Désormais tout est fait pour nous plaire, nous séduire, nous caresser dans le sens du poil. Nos goûts, attentes, désirs sont analysés, nos intentions et décisions anticipées pour nous servir au moment opportun les produits et les informations les plus agréables. Mais nous pourrions devenir les grains de sable qui crissent sous la dent. Être ceux qui ne devraient pas être.

nos intentions et décisions anticipées

Hier, j’ai croisé un ami YouTuber. Il n’a fait que me parler de son nombre de vues et des stratégies qu’il mettait en place pour les augmenter, sans jamais évoquer ce qu’il pourrait raconter de dérangeant, de profond, d’utile, de surprenant. Son seul désir : plaire, ne surtout pas choquer ni les sponsors ni les spectateurs. Participer à la lignification générale dans un meilleur des mondes en déroute écologique et philosophique. Ne surtout pas partager ses pensées, les garder pour lui, et finir par ne plus penser, parce que penser devient séditieux.

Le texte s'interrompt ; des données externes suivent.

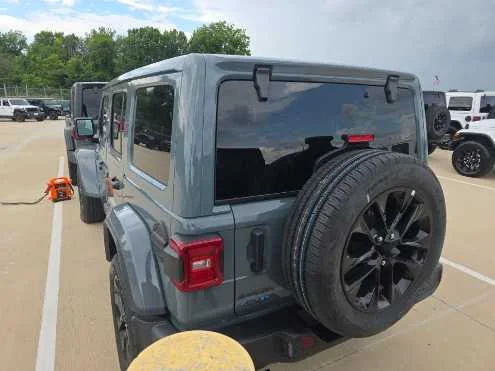Used 2025 Anvil Clearcoat Jeep Sahara image 6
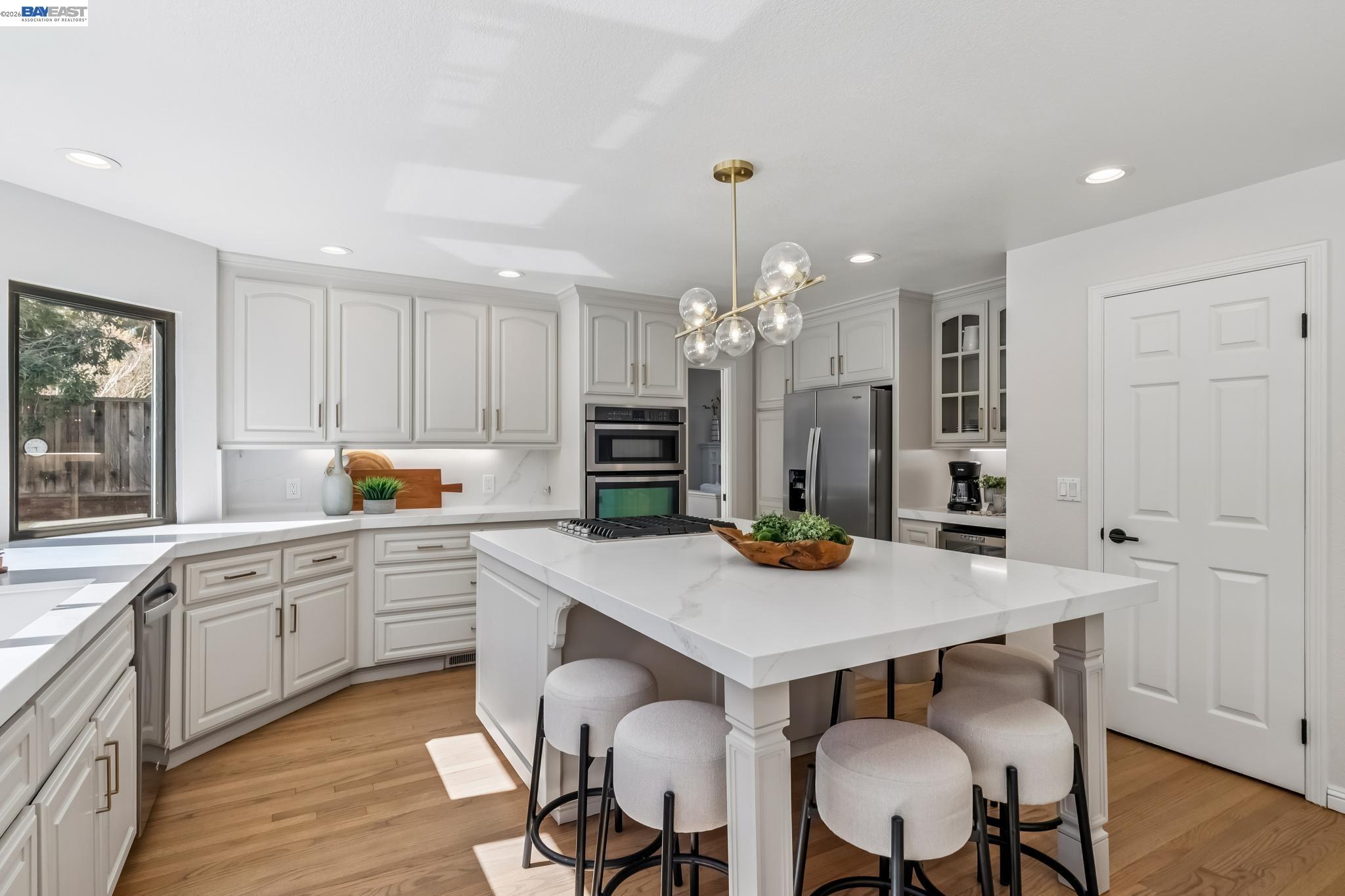 Detail Gallery Image 16 of 59 For 1039 Hopkins Way, Pleasanton,  CA 94566 - 5 Beds | 3 Baths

Une double injonction : plaire et produire de plus en plus, inonder de contenus, lutter contre les autres producteurs, mais avec la même stratégie qu’eux : satisfaire, combler un vide, alors que le vide est nécessaire pour qu’un mouvement soit possible. Où aller quand ça déborde de partout ? Il me suffit d’ouvrir Netflix pour avoir envie de dégueuler. Un amoncellement de vignettes clinquantes empilées les unes sur les autres. Idem sur YouTube, avec des shorts hypnotiques plus cons les uns que les autres. Je ne supporte plus ce monde, non seulement parce que j’en suis la victime, mais parce que vous en êtes les victimes.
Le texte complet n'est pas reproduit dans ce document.